Wat Thmei Killing Field
The killing fields (as the places where the Khmer Rouge killed more than a million people are known) are a must visit when in Cambodia to fully appreciate the painful history of the country. One of such killing fields is located on the road to Angkor. Today, the Wat Thmei pagoda has been built on the site, in the middle of which is a glass-sided monument filled with skulls and bones of the victims of the Khmer Rouge which were collected by locals after the end of the Pol Pot regime. Unfortunately the day we visited there had been a number of rain storms and the place was flooded, as such we could not walk around much. Nevertheless it was a sobering experience.
Dining in Siem Reap
Siem Reap would be our first foray into Cambodian food. Traditional Cambodian food that we were looking to try included amok and luk-lac. We had heard that if comparing Cambodian to Thai or Vietnamese food, Cambodian food would be the least spicy. That was most definitely the case. We attempted to venture out to try some street food, but ended up (strictly due to our preferences) at a number of restaurants.
Khmer Kitchen Restaurant
This was the better of the two places that we tried, so much so that we ended up returning here for dinner on the 3rd night. There are two locations scattered around Pub Street. The menu had a large selection of Cambodian and other south-east Asian dishes. Despite the restaurant being busy, the staff were friendly and attentive.
Sleeping in Siem Reap
Out of the massive amount of hotels in Siem Reap, we chose Memoire d’Angkor Boutique hotel due a number of reasons: its central location, the fact that it has a swimming pool, the small number of rooms and the free airport pickup. We were met at the airport by one of the hotel staff, and swiftly taken to a waiting van. This was offered free by the hotel. Arriving at the hotel we were greeted warmly by the staff and provided with a welcome drink and cool towels. Our room was large and well decorated, with a sizeable bathroom.

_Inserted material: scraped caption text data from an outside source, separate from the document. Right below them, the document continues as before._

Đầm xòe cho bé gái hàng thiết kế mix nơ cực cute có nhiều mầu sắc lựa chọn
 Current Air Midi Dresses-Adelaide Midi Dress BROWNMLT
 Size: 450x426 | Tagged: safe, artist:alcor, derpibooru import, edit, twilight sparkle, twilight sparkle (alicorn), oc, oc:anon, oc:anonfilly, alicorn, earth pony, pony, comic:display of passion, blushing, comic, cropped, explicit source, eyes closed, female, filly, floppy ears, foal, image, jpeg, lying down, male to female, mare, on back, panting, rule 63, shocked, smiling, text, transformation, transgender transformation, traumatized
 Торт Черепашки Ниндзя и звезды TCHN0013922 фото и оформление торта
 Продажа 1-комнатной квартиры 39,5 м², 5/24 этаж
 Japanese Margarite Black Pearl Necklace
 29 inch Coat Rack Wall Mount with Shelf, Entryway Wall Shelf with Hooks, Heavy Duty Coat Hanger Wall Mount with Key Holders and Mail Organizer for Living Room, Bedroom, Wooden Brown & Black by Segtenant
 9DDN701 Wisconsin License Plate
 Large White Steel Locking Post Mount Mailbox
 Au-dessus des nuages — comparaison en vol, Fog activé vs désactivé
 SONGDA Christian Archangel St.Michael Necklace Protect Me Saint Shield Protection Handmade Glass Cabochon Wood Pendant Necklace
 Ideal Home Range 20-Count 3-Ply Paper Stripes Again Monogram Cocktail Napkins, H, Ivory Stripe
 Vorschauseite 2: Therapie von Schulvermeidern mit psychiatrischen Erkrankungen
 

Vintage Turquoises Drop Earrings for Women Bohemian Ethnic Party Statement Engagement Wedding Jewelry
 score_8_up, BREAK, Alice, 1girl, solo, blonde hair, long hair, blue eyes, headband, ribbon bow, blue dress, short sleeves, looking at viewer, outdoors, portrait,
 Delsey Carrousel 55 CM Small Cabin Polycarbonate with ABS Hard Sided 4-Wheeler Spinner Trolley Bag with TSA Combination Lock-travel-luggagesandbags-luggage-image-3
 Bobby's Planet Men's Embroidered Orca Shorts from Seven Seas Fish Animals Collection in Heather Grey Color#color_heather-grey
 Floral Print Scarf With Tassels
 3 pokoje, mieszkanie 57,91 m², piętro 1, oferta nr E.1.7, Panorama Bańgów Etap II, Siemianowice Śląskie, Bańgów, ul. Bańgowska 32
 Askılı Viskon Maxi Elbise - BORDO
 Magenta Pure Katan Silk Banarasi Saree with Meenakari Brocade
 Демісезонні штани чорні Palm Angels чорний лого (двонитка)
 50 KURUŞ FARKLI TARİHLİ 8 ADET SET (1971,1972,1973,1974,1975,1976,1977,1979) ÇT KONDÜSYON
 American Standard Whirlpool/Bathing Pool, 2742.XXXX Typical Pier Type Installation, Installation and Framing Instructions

Breakfast was a wide spread of both Cambodian and Western options.
Staying connected in Siem Reap
We were fortunate to find an office for SMART mobile right outside our hotel. We purchased a 7-day sim-card for $5, which offered us 2 GB of data with unlimited calls and SMS. Top-up could be done at any shops with the SMART sign.
Getting around Siem Reap
The main tourist areas of Siem Reap are quite easy to get around and due to the flatness of the city, biking is a good option. However, the roads are very busy with scooters and cars, and though the roads are paved,there are a number of potholes. Due to my fractured wrist and the impossibility of me adequately holding the handle bars, we hired a tandem bike, which with the limited leg space at the back must have been meant for parents and their children. This made us the center of attraction of town.
For most people, tuk-tuks are the more natural way of getting around, and these can be found outside every hotel and almost around every corner. It is best to negotiate the price with the driver and as we found out not to book it through the hotel concierge. We were able to knock off about $10 by doing that.
Arriving at any new city one of the things we do is try to find a self-service laundromat. This was quite hard to find in Siem Reap as most places instead offer to do the laundry for a fixed price per kilogram. After a bit of googling, we found The Missing Socks Laundry Cafe not too far from our hotel.
The idea behind this cafe is unique, as they combine the mundane task of doing laundry with the ability to relax and chill with a cup of coffee and free Wi-Fi.